Si la « refondation sociale » échouait, le dialogue social à la française resterait aussi inopérant et conflictuel qu'aujourd'hui, la gestion des systèmes de protection sociale serait décidément laissée aux seuls technocrates et la France entrerait dans la nouvelle économie en marche arrière, faute d'un « contrat social » de pays civilisé.

Cadres

Question posée récemment dans une conférence organisée à Toulouse par l'Institut français de gestion : « Les cadres font-ils encore confiance à l'entreprise ? »

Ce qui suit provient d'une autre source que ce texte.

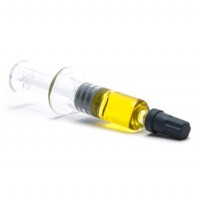CBD oil prefilled glass syringe 1ml 2.25ml 3ml 5ml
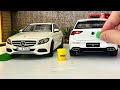 A Very Classy Car Can Challenge A Very Sporty Car | Volkswagen  Mercedes-benz Diecast Model Cars
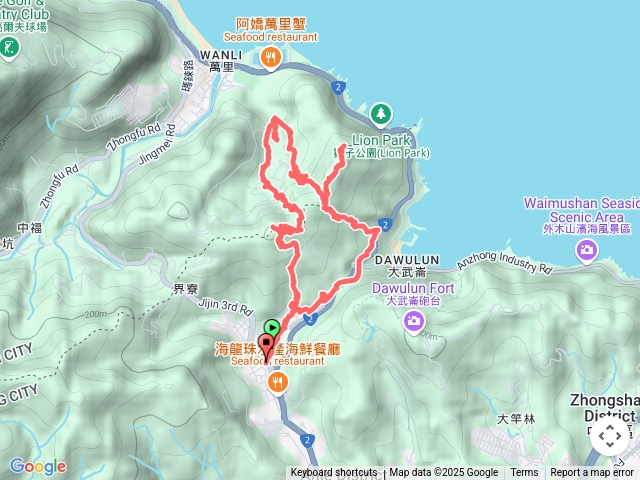瑪鋉山 瑪鋉山東峰 萬中瀑布 瑪鋉山東北峰
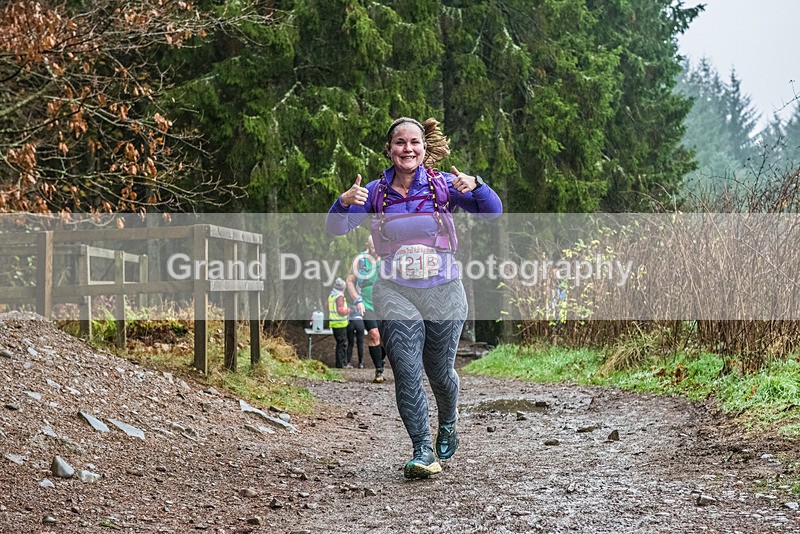 Glentress-634 - High Terrain Events Glentress Winter Trail half Marathon & 10K Trail Run Saturday 19th November 2022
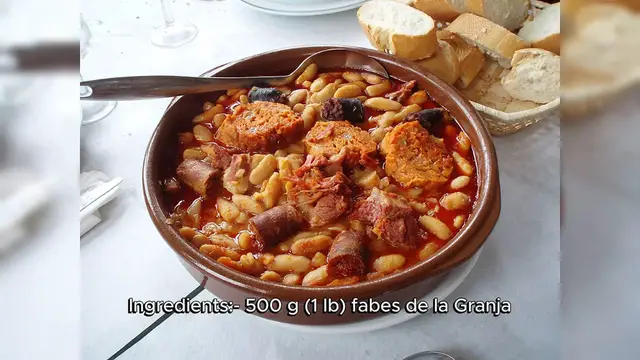 Video thumbnail for Fabada asturiana Recipe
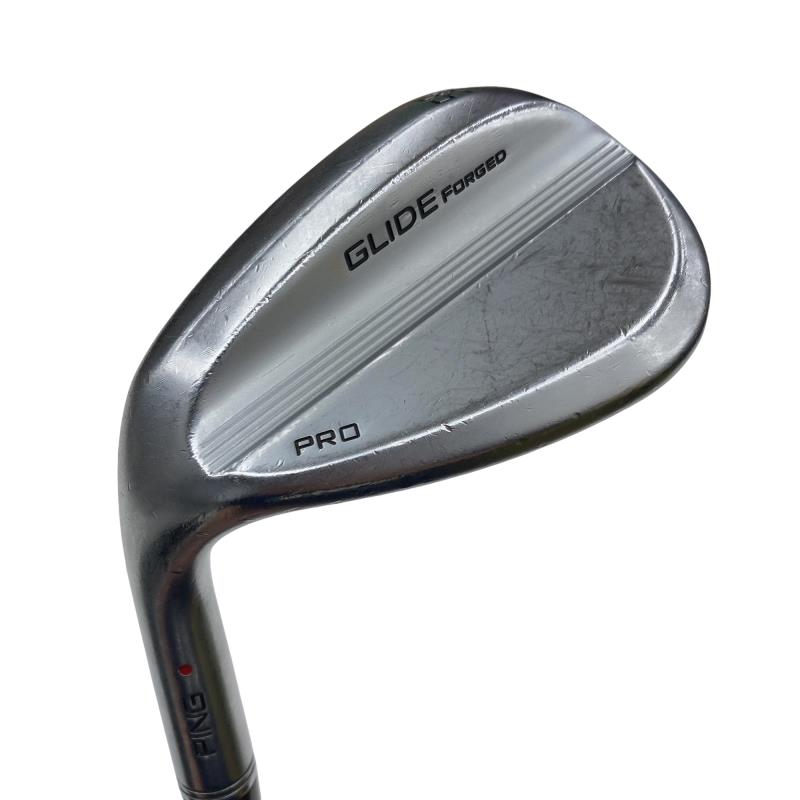 【中古】 ピン PING GLIDE FORGED PRO 58°/06° T(アーコス絶無) レフティ ウェッジ WG NS PRO 950GH neo (フレックスS) メンズ 成人男性用 左ぎっちょ レフティ 左用 C序列付ける ゴルフ野球クラブ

Réponse : il n'y a plus de cadres, mais des managers et des techniciens (la notion de cadre, née dans les années 50, n'aura duré qu'un demi-siècle). Il n'y a plus d'entreprises, mais des structures molles ; dans le cas des grands groupes, un jeu de Monopoly permanent et, dans celui des petites, une natalité et une mortalité sans cesse croissantes. Les travailleurs, du haut en bas de la pyramide, ont besoin de confiance, mais de confiance les uns dans les autres. Ils ont besoin d'une communauté de travail fondée sur des desseins, des idées, des choix collectifs et, pourquoi pas, l'amitié.

Après la mort de Taylor et de Ford, l'économie de l'information et de la connaissance appelle la communication entre les hommes – la vraie – que les nouvelles technologies peuvent aider et non remplacer.